WORK INSTRUCTION
Once you have located the line containing "Selaginella biformis [STRINGE PLANTS]" in the material below, return it exactly along with each line after it through the line containing "Appartement Con Gran".

DATA SHOWN
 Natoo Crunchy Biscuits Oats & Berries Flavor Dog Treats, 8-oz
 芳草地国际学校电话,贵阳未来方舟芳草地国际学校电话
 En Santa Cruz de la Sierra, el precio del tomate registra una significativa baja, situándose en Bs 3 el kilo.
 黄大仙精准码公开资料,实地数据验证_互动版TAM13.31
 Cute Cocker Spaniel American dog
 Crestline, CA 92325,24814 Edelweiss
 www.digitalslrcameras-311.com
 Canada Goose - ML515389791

...

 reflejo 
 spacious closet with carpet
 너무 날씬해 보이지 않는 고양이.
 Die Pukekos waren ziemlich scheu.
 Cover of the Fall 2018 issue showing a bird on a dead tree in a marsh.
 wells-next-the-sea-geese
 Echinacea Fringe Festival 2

==

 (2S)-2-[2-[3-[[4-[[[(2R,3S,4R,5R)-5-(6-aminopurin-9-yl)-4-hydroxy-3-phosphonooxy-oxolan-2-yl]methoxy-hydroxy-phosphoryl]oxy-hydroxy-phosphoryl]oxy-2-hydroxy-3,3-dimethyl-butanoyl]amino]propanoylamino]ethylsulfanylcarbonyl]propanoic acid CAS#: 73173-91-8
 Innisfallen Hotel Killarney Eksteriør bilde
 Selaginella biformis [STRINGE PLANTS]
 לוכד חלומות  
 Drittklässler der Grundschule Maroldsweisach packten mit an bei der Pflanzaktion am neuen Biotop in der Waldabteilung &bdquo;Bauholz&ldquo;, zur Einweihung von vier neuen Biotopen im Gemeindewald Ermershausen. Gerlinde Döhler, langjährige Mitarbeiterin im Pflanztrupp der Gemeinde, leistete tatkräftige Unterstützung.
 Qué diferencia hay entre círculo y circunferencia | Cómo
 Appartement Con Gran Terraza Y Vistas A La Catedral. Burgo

OUTPUT OF THE TASK
 Selaginella biformis [STRINGE PLANTS]
 לוכד חלומות  
 Drittklässler der Grundschule Maroldsweisach packten mit an bei der Pflanzaktion am neuen Biotop in der Waldabteilung &bdquo;Bauholz&ldquo;, zur Einweihung von vier neuen Biotopen im Gemeindewald Ermershausen. Gerlinde Döhler, langjährige Mitarbeiterin im Pflanztrupp der Gemeinde, leistete tatkräftige Unterstützung.
 Qué diferencia hay entre círculo y circunferencia | Cómo
 Appartement Con Gran Terraza Y Vistas A La Catedral. Burgo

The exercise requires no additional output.